Posted by Unknown on Monday November 14, 2011 @01:15PM from the doesn't-archive-dot-org-do-that dept.

mikejuk writes with an excerpt from an article in I Programmer: "If you have ever thought that you could do a better job than Google but were intimidated by the hardware needed to build a web index, then the Common Crawl Foundation has a solution for you. It has indexed 5 billion web pages, placed the results on Amazon EC2/S3 and invites you to make use of it for free. All you have to do is setup your own Amazon EC2 Hadoop cluster and pay for the time you use it — accessing the data is free. This idea is to open up the whole area of web search to experiment and innovation. So if you want to challenge Google now you can't use the excuse that you can't afford it." Their weblog promises source code for everything eventually. One thing I've always wondered is why no distributed crawlers or search engines have ever come about.

2 of 61 comments (clear)

Min score:

Reason:

Sort:

Re:Saves you on bandwidth by Gumber · 2011-11-14 14:11 · Score: 5, Insightful

Bitch moan, bitch moan. If I had a need for such a dataset, I think I'd be damn grateful that I didn't have to collect it myself. As for the cost of processing the pages, the article suggests that running a hadoop job on the whole dataset on EC2 might be in the neighborhood of $100. That's not that costly.
Wait, what? by zill · 2011-11-14 14:49 · Score: 5, Interesting

From the article:

It currently consists of an index of 5 billion web pages, their page rank, their link graphs and other metadata, all hosted on Amazon EC2.

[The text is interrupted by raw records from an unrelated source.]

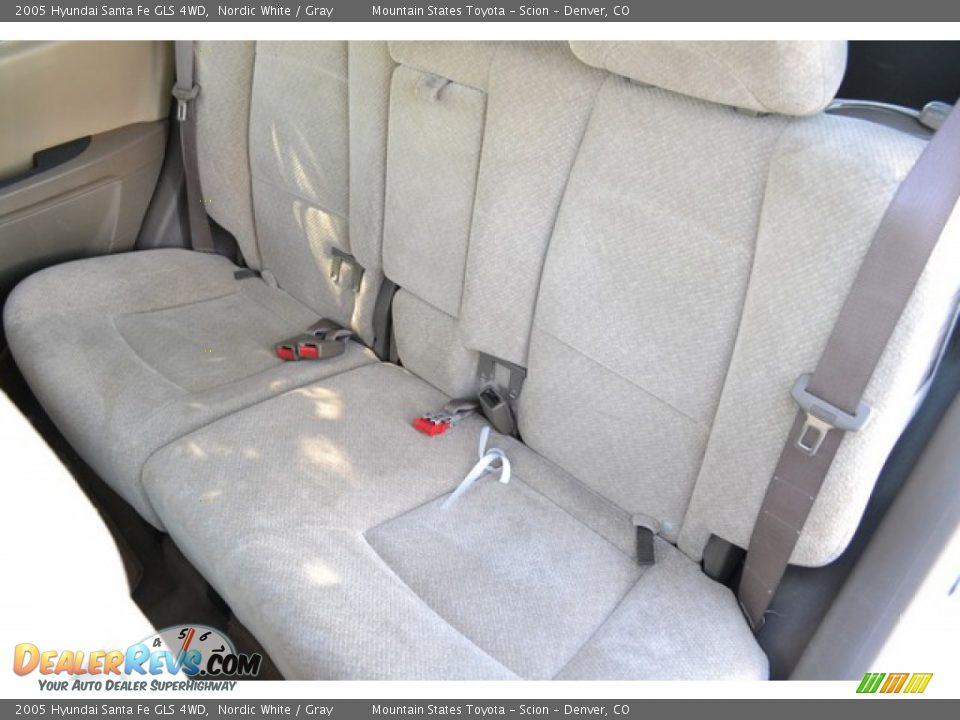 2005 Hyundai Santa Fe GLS 4WD Nordic White / Gray Photo #6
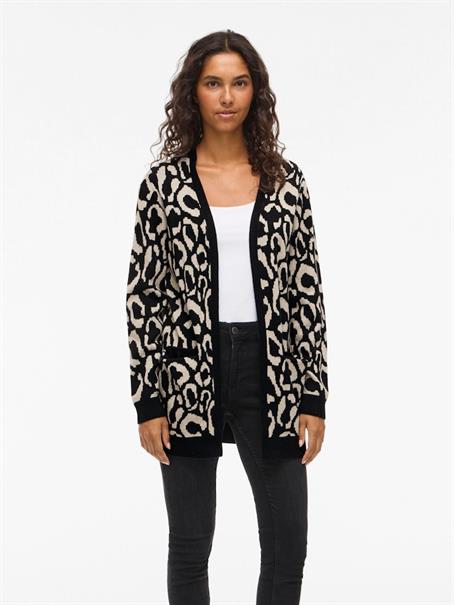 VITIF OPEN L/S KNIT CARDIGAN - NOOS black beauty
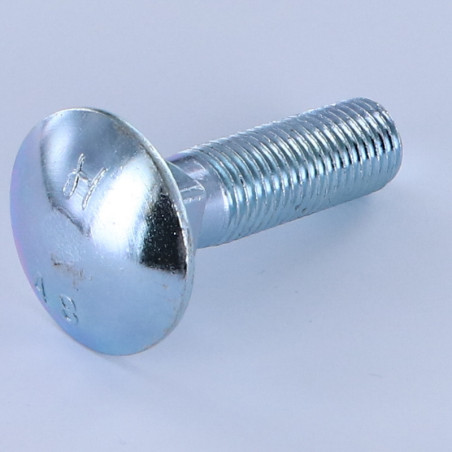 1 x Vognbolt M16X50 Gevind 50 Klasse 8.8 elforzinket stål Hoveddiameter 30 Firkantet 16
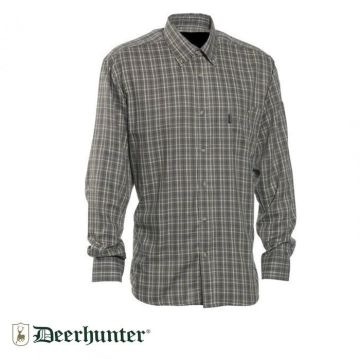 T. DEERHUNTERWaylon399Yeşil Kareli Uzun Kol Gömlek 43/44
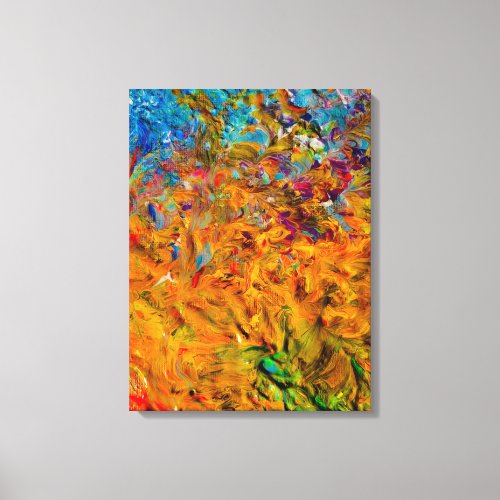 Beautiful and Colorful Acrylic Abstract Art Canvas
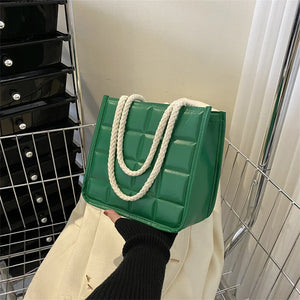 Women's Felt Shoulder Bag Armpit Handbags Purses Saddle Bag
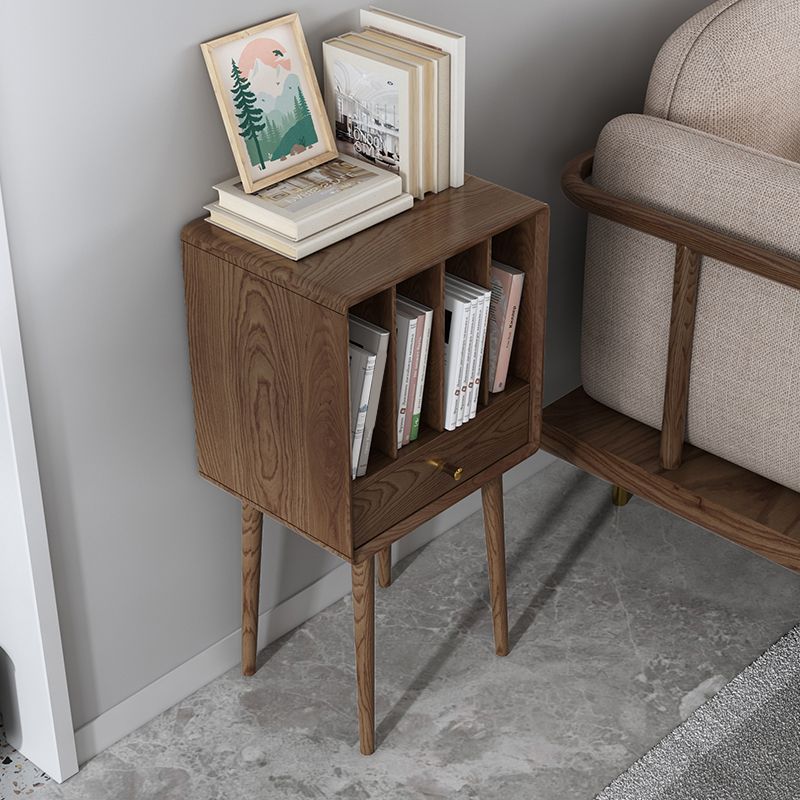 Solid Wood 3 Legs End Table Modernistic Rectangular Side Table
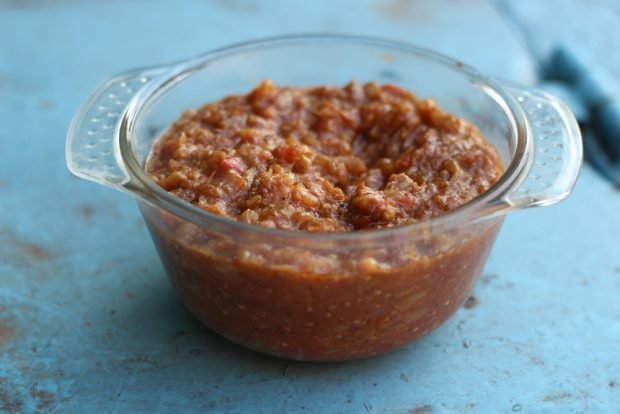 Eggplant caviar in the oven for winter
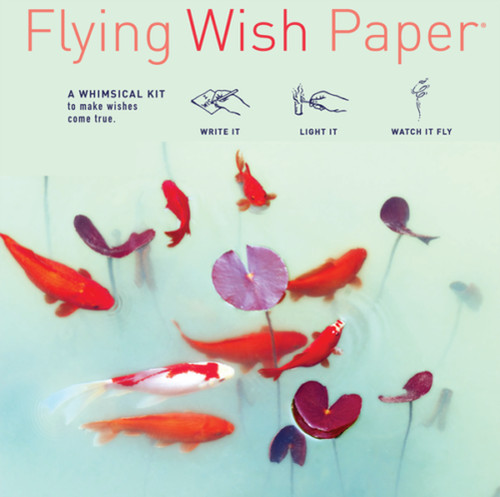 Koi étang flying wish paper - Étang,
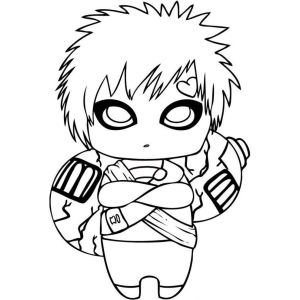 Colorindo Gaara: O Ninja de Areia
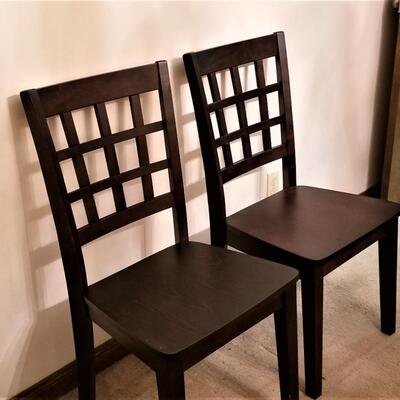 Lot #328  Pair of Contemporary Side Chairs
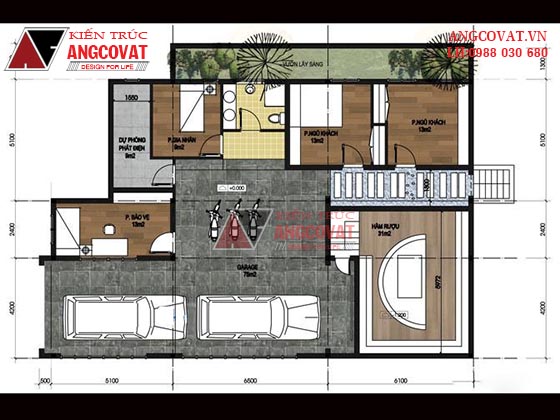Tư vấn thiết kế nhà 4×16 có thang máy đẹp, phù hợp nhà phố đô thị kết hợp kinh doanh NP1151026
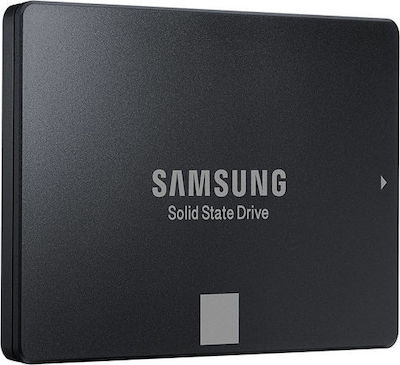 Samsung 750 Evo SSD 250GB τύπου 2.5'' με σύνδεση SATA III MZ-750250BW
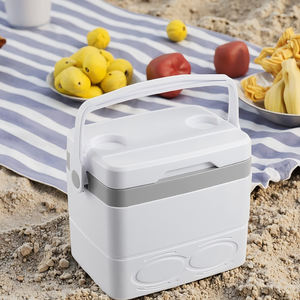 Nevera Portátil <span class=keywords><strong>de</strong></span> Plástico <span class=keywords><strong>de</strong></span> 8.5L <span class=keywords><strong>con</strong></span> Portavasos, Caja para Mantener la Comida Fresca, Caja <span class=keywords><strong>de</strong></span> Hielo Pequeña <span class=keywords><strong>con</strong></span> Cierre para Deportes al Aire Libre y Camping - Product Image 3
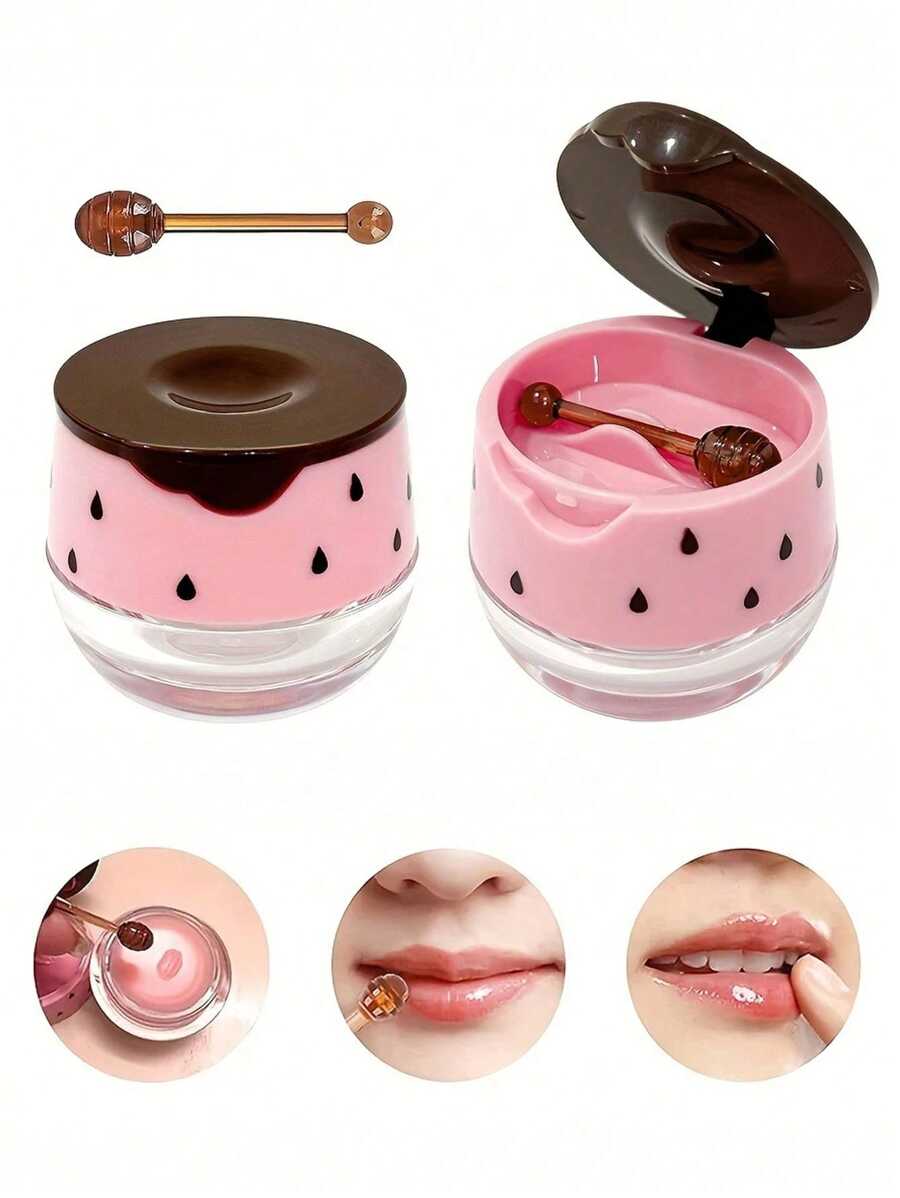 [Mini Reusable Lip Mask Dispenser] Portable Clear Lip Mask & Balm Dispenser - Reusable Mini Cosmetic Jar For Lip Gloss, Samples & Travel Storage - Multicolor - View 1
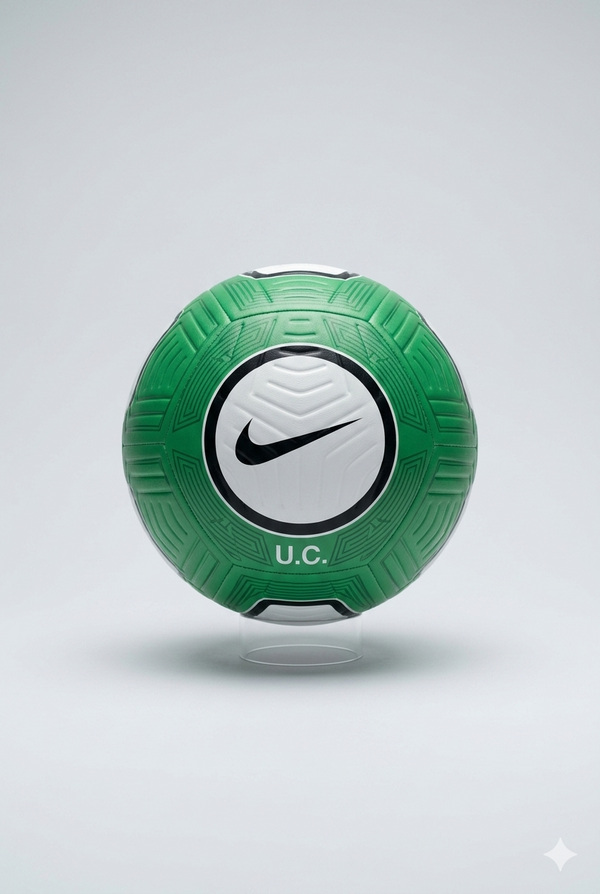 🌟 Nike Premium Edition Football – Vibrant Green & White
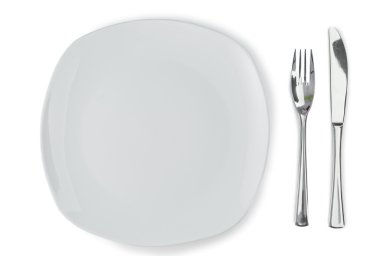 Plate and cultery clipart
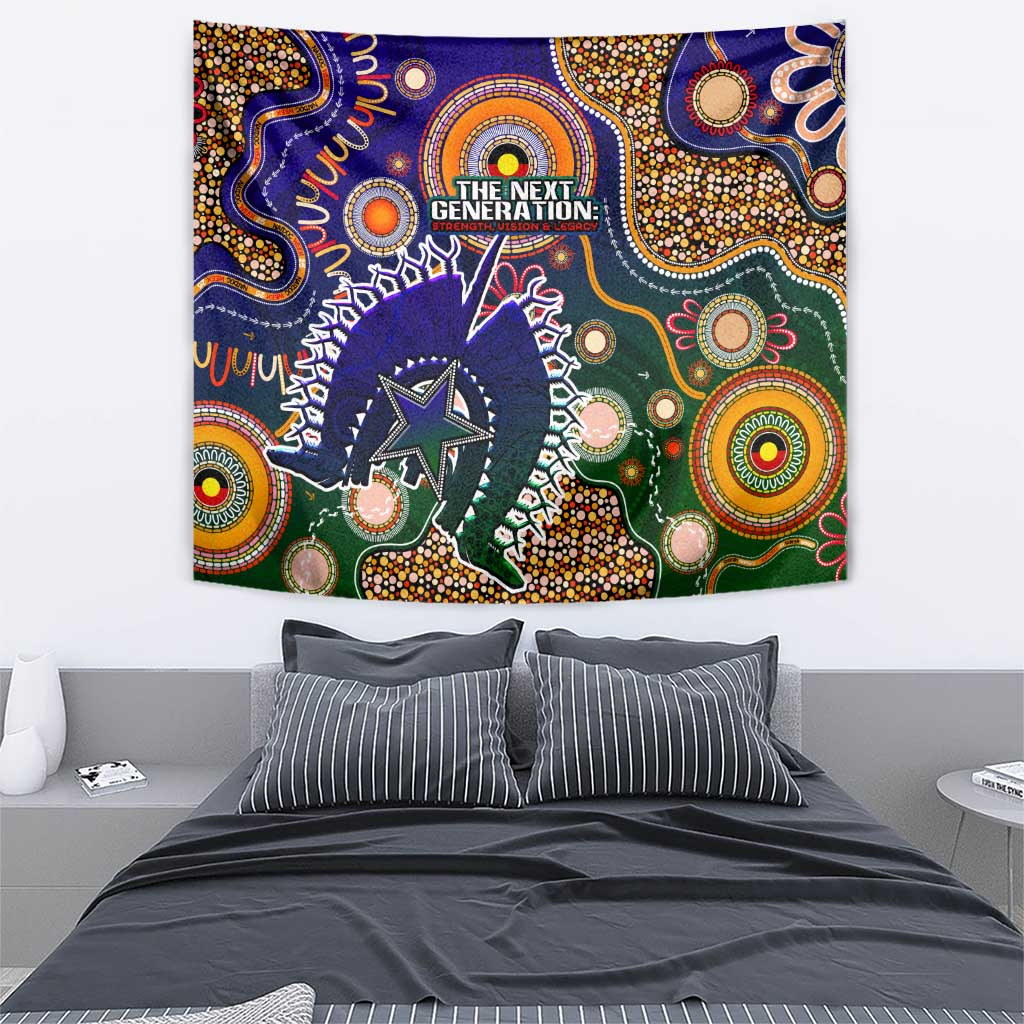 Indigenous Naidoc Week 2025 Tapestry Aboriginal and Torres Strait Islands Dhari Mask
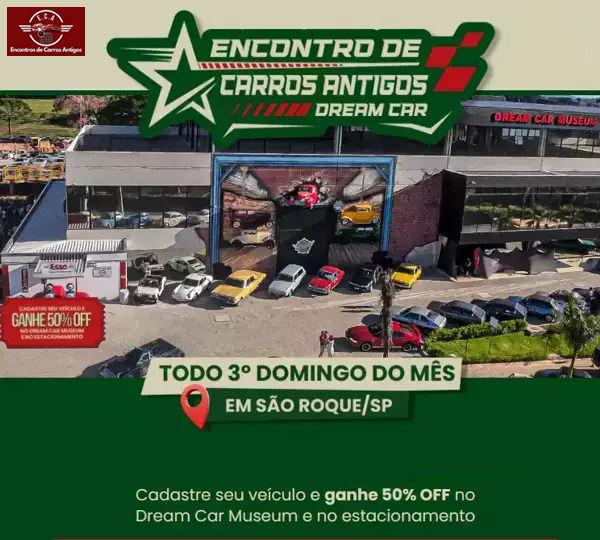 Encontro Mensal Dream Car Museum, São Roque - SP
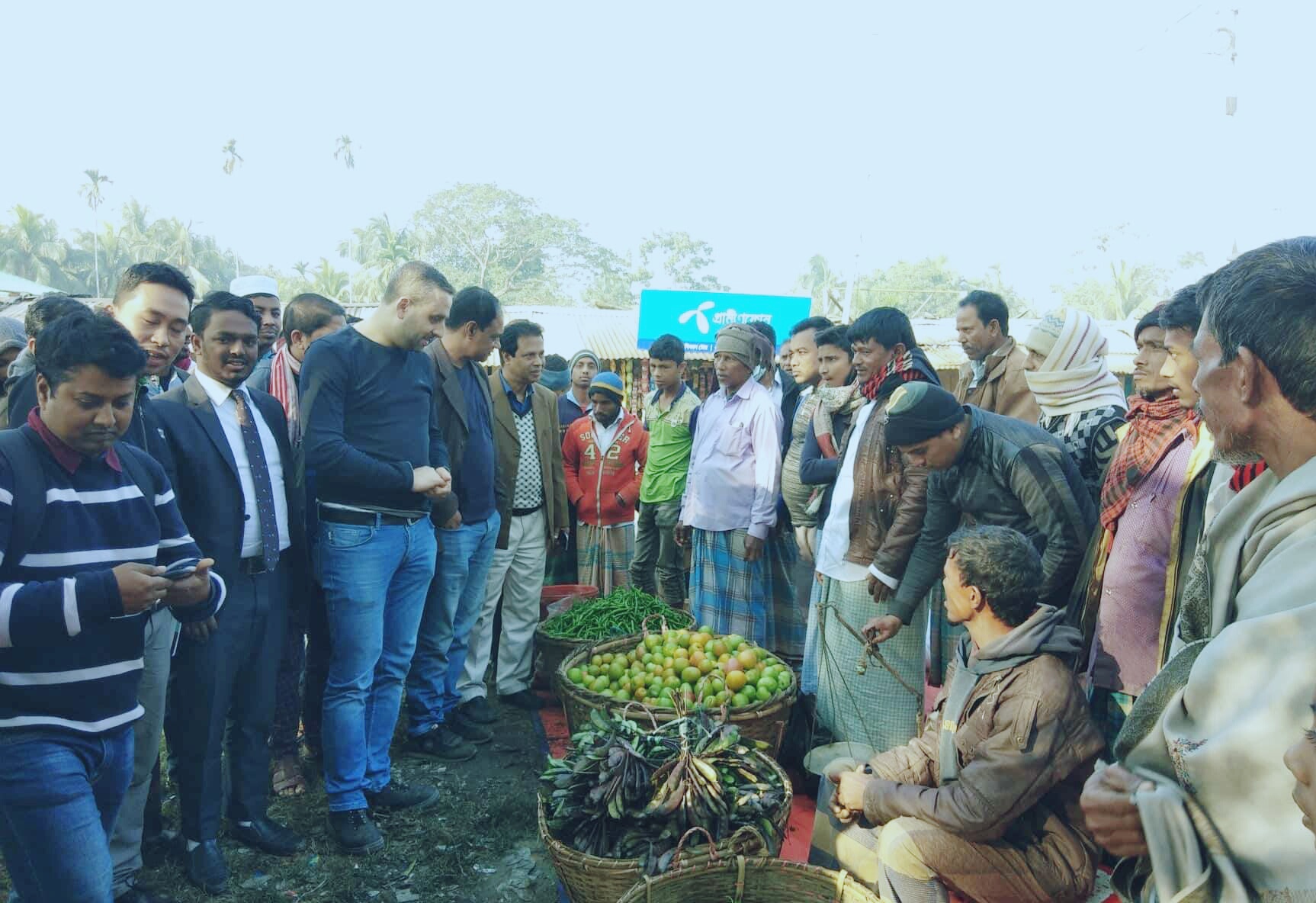 গর্জনিয়ার বটতলী ষ্টেশনে কৃষি পণ্য সংগ্রহ কেন্দ্রের উদ্বোধন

The crawl is collated using a MapReduce process, compressed into 100Mbyte ARC files which are then uploaded to S3 storage buckets for you to access. Currently there are between 40,000 and 50,000 filled buckets waiting for you to search.
Each S3 storage bucket is 5TB.

5TB * 40,000 / 5 billion = 42MB/web page

Either they made a typo, my math is wrong, or they started crawling the HD porn sites first. I really hope it's not the latter because 200 petabytes of porn will be the death of so many geeks that the year of Linux on the desktop might never come.